Preference, and to some extent quality (if we eliminate defects), is subjective. When a wine columnist gives a score of 96, they are valuing certain aspects of the wine in question. We might all agree that high acidity makes a wine tough to drink now, but what about astringency? A dry, puckering sensation might be a characteristic of some high quality red wines, but there are other wines that are judged as high in quality that are much softer in the mouth. You might trust Parker to tell you whether a wine was unbalanced or excessively astringent or that it will age well. You might even let him tell you that there were peach notes, and chocolate aromas, or that a wine was too redolent of “green bananas still on the tree”, but surely it is up to you as a wine drinker to decide whether it is a style that suits you.
I recently saw for the first time a wine columnist give two scores – one out of 100, which he labeled “empiric” (sic), and another out of 10 for ‘subjective’ assessment, by which he presumably meant how much he liked it.

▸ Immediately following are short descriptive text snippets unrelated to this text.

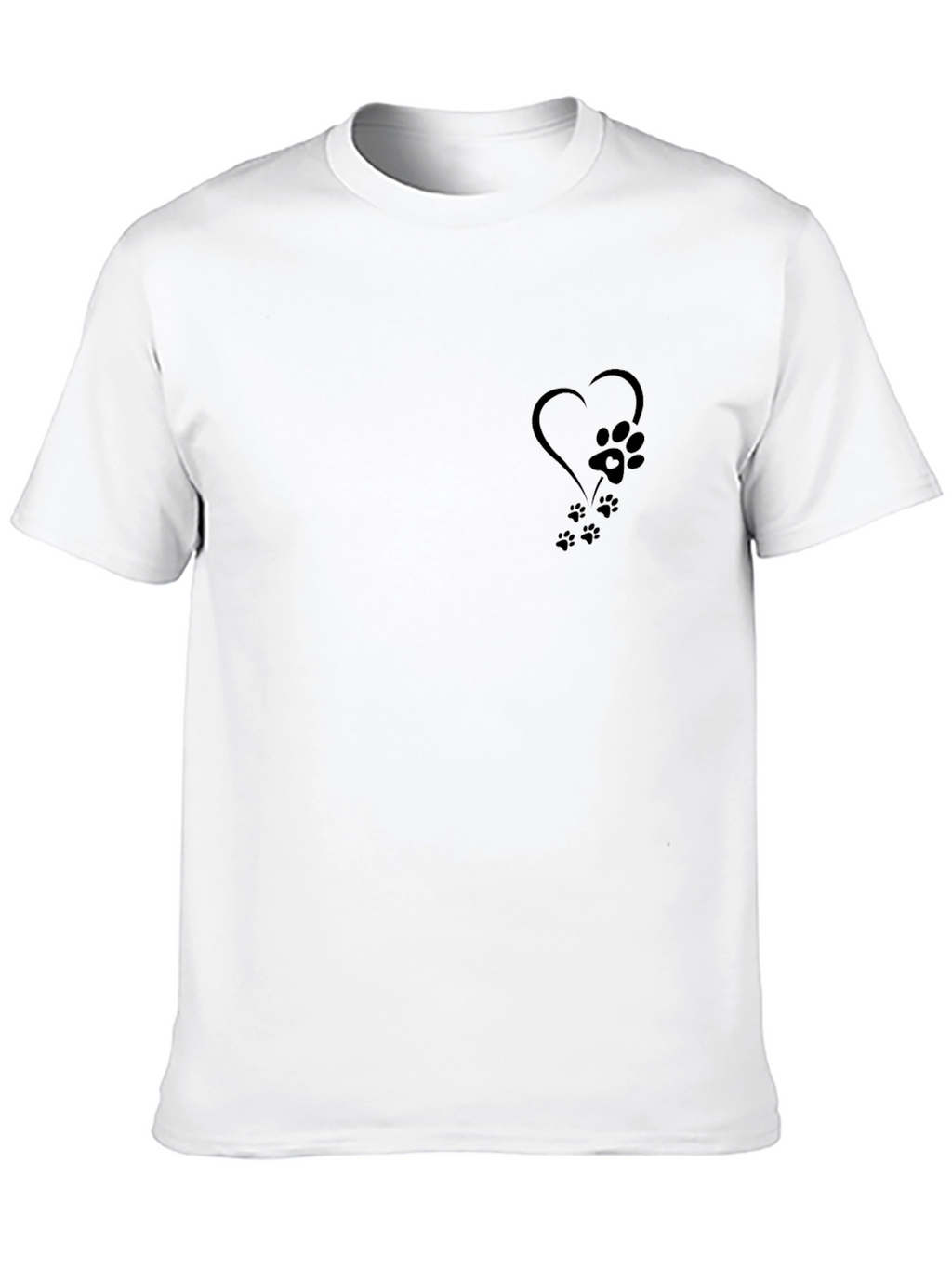 Mens Black T-Shirt with Paw Print Heart Design
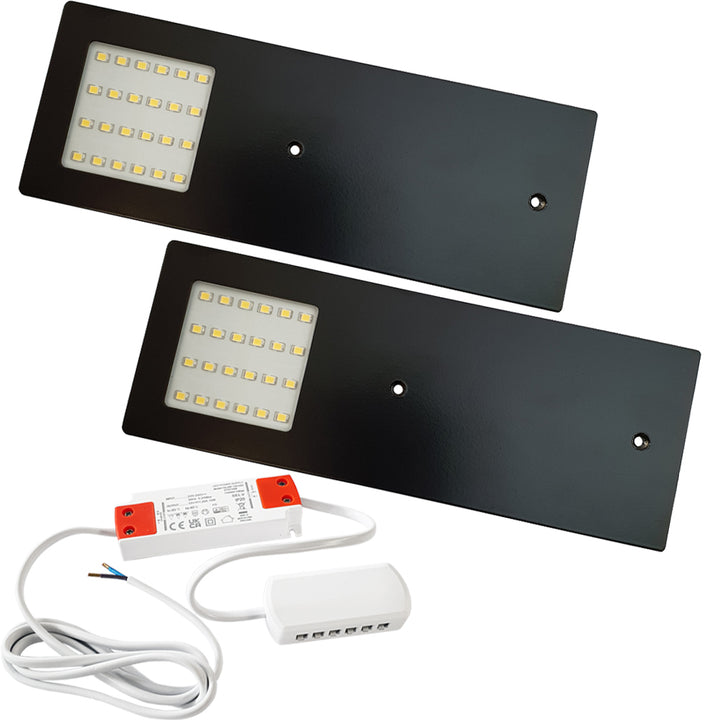 2x MATT BLACK Ultra-Slim Rectangle Under Cabinet Kitchen Light & Driver Kit - Natural White LED - LoopsDirect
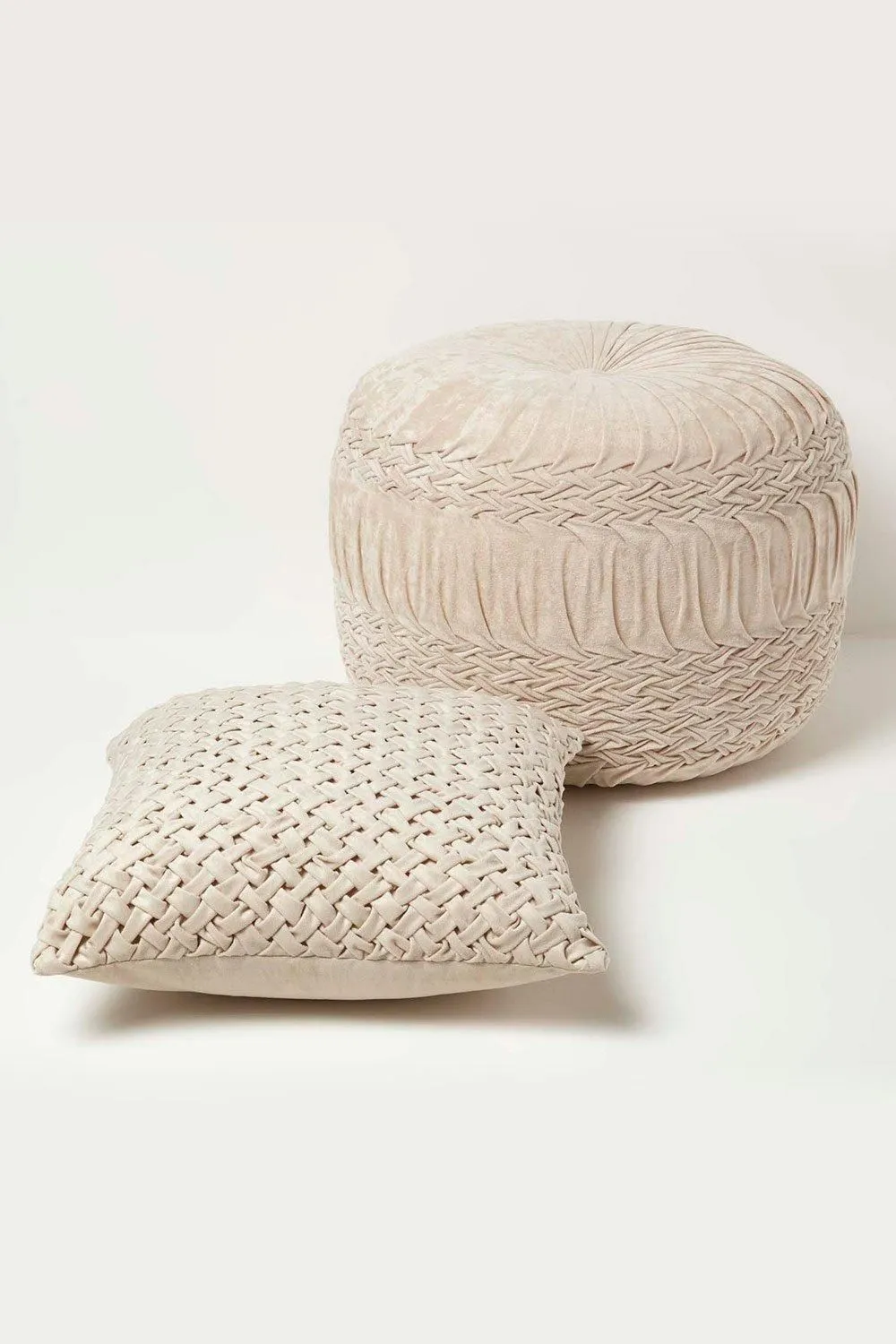 Homescapes Sofia Pleated Velvet Cushion in Cream 6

And this belated acknowledgement that perhaps describing or rating a wine ought to have something to do with preference highlights a major issue with wine ratings. Do you like the same wines as Robert Parker? The high impact of such an influential critic carries with it the implication that you ought.
At heart, wine ratings are based on the idea that a perfect wine can be achieved, and that its perfection is independent of what wine consumers think. At least part of the unnecessary complexity and inconsistency of such ratings, as well as their absence of scientific rigor, comes from this notion. This seems odd given that wines are drunk to give pleasure and that may vary from person to person. On one level, I can therefore make a case that a $10 chardonnay can be just a good as a $100 chardonnay if your palate says that it is.